Many products are subject to design choices in order to give the impression of consistent outer interface and inner
behavior. Likewise, the development of NineKt itself has also been subject to design choices. This document intends to
report the most important design choices that made NineKt what it is today

Premises
--------

These choices are a starting point and give a general shape to NineKt, while also choosing consistent routes for many
design decision junctions. Most of these decisions were made before beginning the development.

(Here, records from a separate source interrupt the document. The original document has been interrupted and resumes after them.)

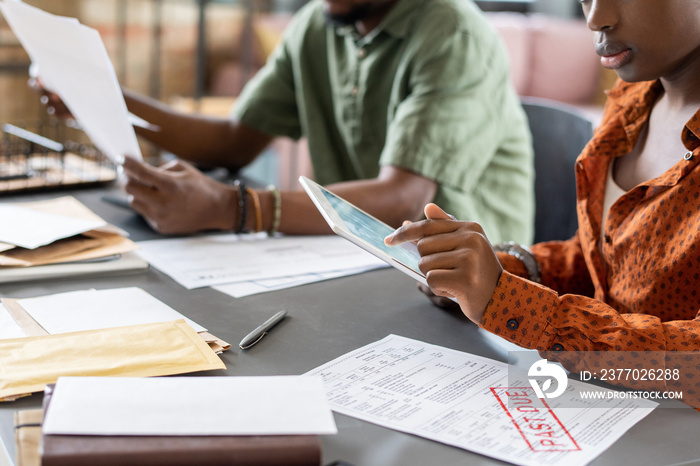 Young African female auditor pointing at tablet screen while checking online financial data and working with papers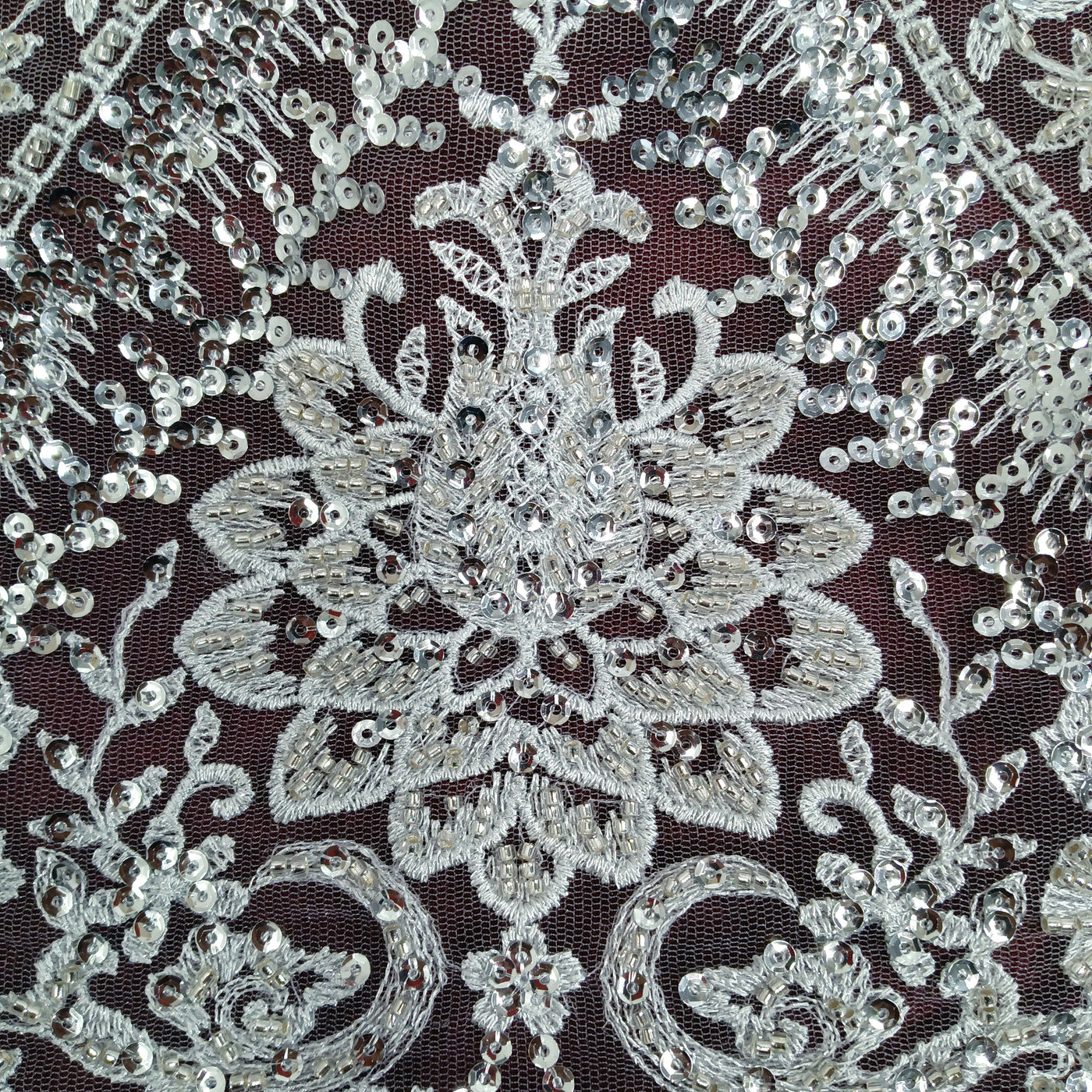 Embroidered & Heavily Beaded with Beads & sequin on Net Mesh Fabric.  Sold by the yard.  Lace Usa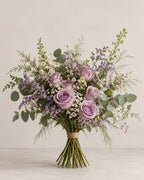 Lavender rose bouquet with purple filler flowers, eucalyptus and delicate white blooms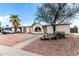 Charming one-story home featuring unique architectural details and desert-friendly landscaping at 1159 W Emelita Ave, Mesa, AZ 85210
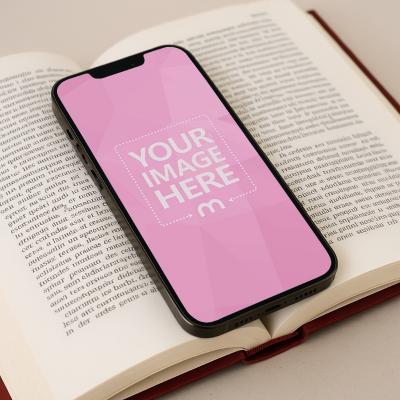 iPhone Mockup Between Open Book for Creative Displays
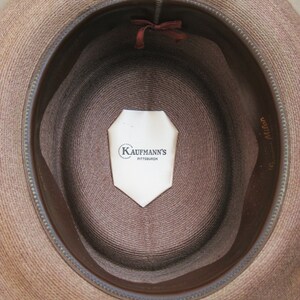 Pu&ograve; includere: L'interno di un cappello di paglia marrone con una fascia in pelle marrone. Un'etichetta bianca con il testo "Kaufmann's Pittsburgh" &egrave; attaccata all'interno del cappello.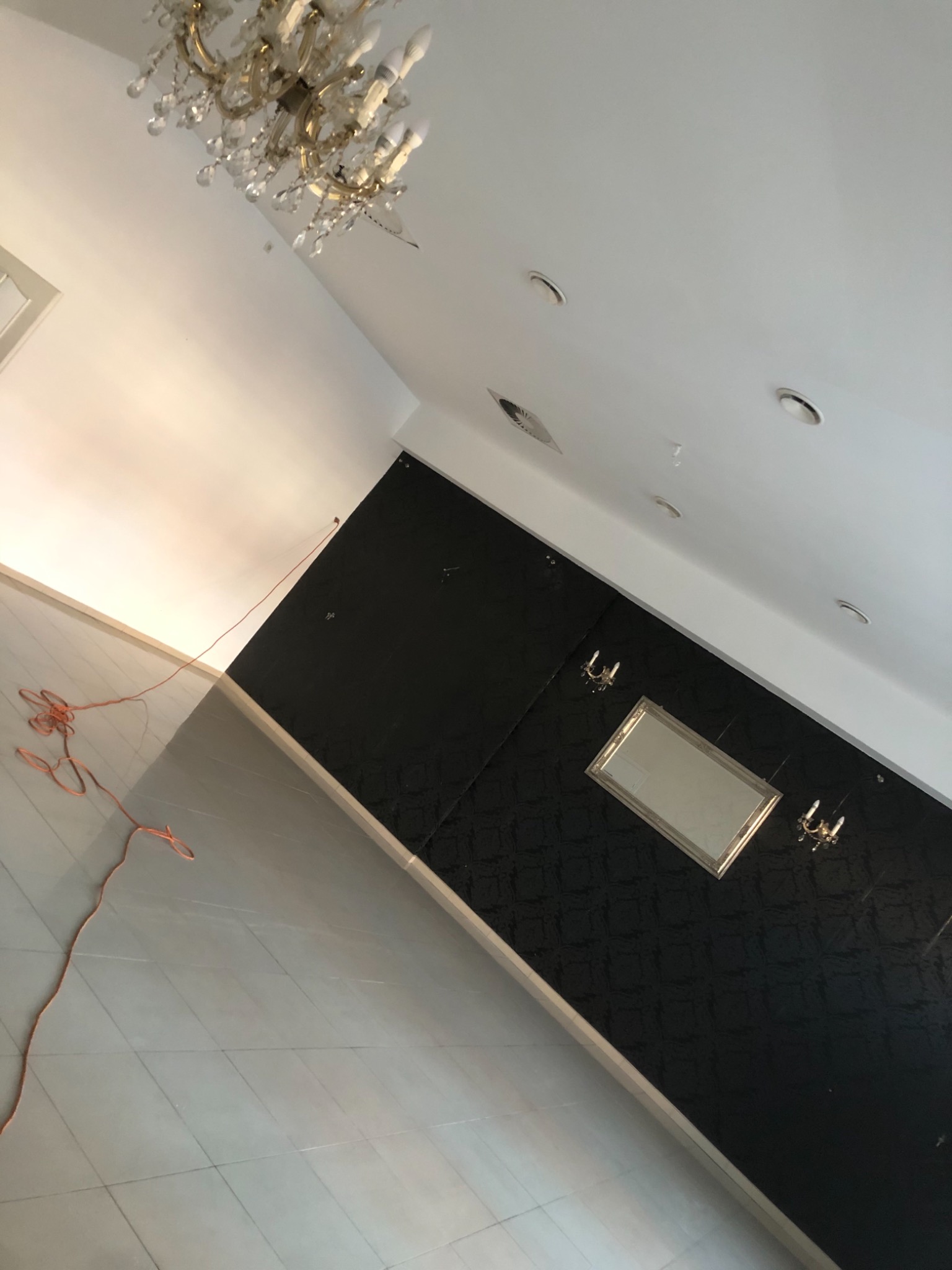 Wnętrze w trakcie remontu: czarna ściana z wzorem, lustro w złotej ramie, kinkiety, widoczna część sufitu z lampą i kabel elektryczny na podłodze z jasnych płytek.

1. NineKt must implement the 9P protocol in the most compliant way (which, ideally, is *completely* compliant) with what
   is described in [section 5 of 9front's manual pages](https://man.9front.org/5/).
2. Since 9P itself does not specify protocols for authentication or cryptography, NineKt's implementation of 9P must
   include the default authentication ("p9any") and cryptographic (TLS) protocols employed by 9front. (See
   `/rc/bin/service/tcp17020` in the source tree and the `listen(8)`, `tlssrv(8)`, `authsrv(6)` manual pages.)
3. NineKt can implement some variations in the 9P protocol, as long as they are widely used and sensible.

Design choices
--------------

1. Kotlin's main programming paradigm is object-oriented. Therefore, NineKt must implement 9P using an object-oriented
   design.
   - The request types (T-messages) should be written in code as methods of an interface, which is then implemented by a
     class that manages the connection. Calls to these methods should reflect, and happen as a consequence of, the file
     system operations performed on the local synthetic file tree, once the 9P initialization process (version and
     message size negotiation, authentication, etc.) is complete.
   - The message types (for both T-messages and R-messages) should be defined as an enumeration class which also holds
     their respective values in 9P messages.
   - Messages ready to be sent should be encapsulated into the instantiation of a special class, because most messages
     *can* be abstracted into a general data structure. Such class holds the independent pieces of each message: the
     message type, a collection of the message fields (actually, their names) in the same order they are expected to be
     sent, the value for each field in a map, and the maximum message size, as negotiated by the initialization
     procedure.
   - The transport layer methods, which send and receive raw bytes of data, as well as other methods taking care of the
     security of the communication and the authentication of both parts, should follow the same realization in code as
     the T-message methods: an interface provides signatures, while classes provide a specific implementation for each
     of them. The case of security is special, as it does not need any additional method other than those defined by the
     transport layer's interface. In fact, the idea of reading from the connection and writing to it is already enough
     and initialization, whether it is of the transport layer protocol or the security layer on top of it, is performed
     in the implementor class' constructor, which additional arguments for specifying possible variations in the
     security implementations' behavior.
2. For the 9P initialization procedure, which hardly mutates between usages, at least in the way it is performed rather
   than in the data being exchanged, there should be a function that acts as a *macro* for the whole procedure, which
   calls the appropriate methods synchronously.